[Given records Boundary: Start]
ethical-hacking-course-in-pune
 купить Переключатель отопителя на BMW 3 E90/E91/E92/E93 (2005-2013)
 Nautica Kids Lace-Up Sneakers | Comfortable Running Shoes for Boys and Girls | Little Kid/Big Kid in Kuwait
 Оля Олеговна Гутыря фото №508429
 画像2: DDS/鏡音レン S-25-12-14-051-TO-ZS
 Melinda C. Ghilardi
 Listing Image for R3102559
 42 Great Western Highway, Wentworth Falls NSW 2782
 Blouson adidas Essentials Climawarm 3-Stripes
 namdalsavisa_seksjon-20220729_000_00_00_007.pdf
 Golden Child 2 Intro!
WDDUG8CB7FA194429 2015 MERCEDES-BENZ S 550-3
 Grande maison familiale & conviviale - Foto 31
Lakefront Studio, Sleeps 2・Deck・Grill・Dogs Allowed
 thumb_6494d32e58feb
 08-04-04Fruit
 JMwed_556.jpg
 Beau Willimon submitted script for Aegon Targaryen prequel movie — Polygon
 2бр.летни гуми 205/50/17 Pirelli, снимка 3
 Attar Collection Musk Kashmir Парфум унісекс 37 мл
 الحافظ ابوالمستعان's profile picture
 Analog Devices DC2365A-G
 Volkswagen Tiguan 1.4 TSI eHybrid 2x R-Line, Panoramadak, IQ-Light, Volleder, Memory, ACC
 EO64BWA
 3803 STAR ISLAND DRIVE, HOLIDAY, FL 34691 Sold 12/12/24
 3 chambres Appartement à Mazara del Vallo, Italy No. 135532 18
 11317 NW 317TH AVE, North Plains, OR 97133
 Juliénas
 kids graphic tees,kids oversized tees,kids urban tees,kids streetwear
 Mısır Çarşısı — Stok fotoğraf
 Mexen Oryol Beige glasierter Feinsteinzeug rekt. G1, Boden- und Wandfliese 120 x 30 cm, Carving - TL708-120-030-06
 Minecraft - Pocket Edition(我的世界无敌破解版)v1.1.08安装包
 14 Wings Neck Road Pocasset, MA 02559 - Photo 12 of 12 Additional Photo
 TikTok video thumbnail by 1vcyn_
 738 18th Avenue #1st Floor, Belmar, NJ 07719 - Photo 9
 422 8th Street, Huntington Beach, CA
[Given records Boundary: End]
● **Work required**
Set down the listing above in full, please, exactly as it appears.

● **Response to this task**
ethical-hacking-course-in-pune
 купить Переключатель отопителя на BMW 3 E90/E91/E92/E93 (2005-2013)
 Nautica Kids Lace-Up Sneakers | Comfortable Running Shoes for Boys and Girls | Little Kid/Big Kid in Kuwait
 Оля Олеговна Гутыря фото №508429
 画像2: DDS/鏡音レン S-25-12-14-051-TO-ZS
 Melinda C. Ghilardi
 Listing Image for R3102559
 42 Great Western Highway, Wentworth Falls NSW 2782
 Blouson adidas Essentials Climawarm 3-Stripes
 namdalsavisa_seksjon-20220729_000_00_00_007.pdf
 Golden Child 2 Intro!
WDDUG8CB7FA194429 2015 MERCEDES-BENZ S 550-3
 Grande maison familiale & conviviale - Foto 31
Lakefront Studio, Sleeps 2・Deck・Grill・Dogs Allowed
 thumb_6494d32e58feb
 08-04-04Fruit
 JMwed_556.jpg
 Beau Willimon submitted script for Aegon Targaryen prequel movie — Polygon
 2бр.летни гуми 205/50/17 Pirelli, снимка 3
 Attar Collection Musk Kashmir Парфум унісекс 37 мл
 الحافظ ابوالمستعان's profile picture
 Analog Devices DC2365A-G
 Volkswagen Tiguan 1.4 TSI eHybrid 2x R-Line, Panoramadak, IQ-Light, Volleder, Memory, ACC
 EO64BWA
 3803 STAR ISLAND DRIVE, HOLIDAY, FL 34691 Sold 12/12/24
 3 chambres Appartement à Mazara del Vallo, Italy No. 135532 18
 11317 NW 317TH AVE, North Plains, OR 97133
 Juliénas
 kids graphic tees,kids oversized tees,kids urban tees,kids streetwear
 Mısır Çarşısı — Stok fotoğraf
 Mexen Oryol Beige glasierter Feinsteinzeug rekt. G1, Boden- und Wandfliese 120 x 30 cm, Carving - TL708-120-030-06
 Minecraft - Pocket Edition(我的世界无敌破解版)v1.1.08安装包
 14 Wings Neck Road Pocasset, MA 02559 - Photo 12 of 12 Additional Photo
 TikTok video thumbnail by 1vcyn_
 738 18th Avenue #1st Floor, Belmar, NJ 07719 - Photo 9
 422 8th Street, Huntington Beach, CA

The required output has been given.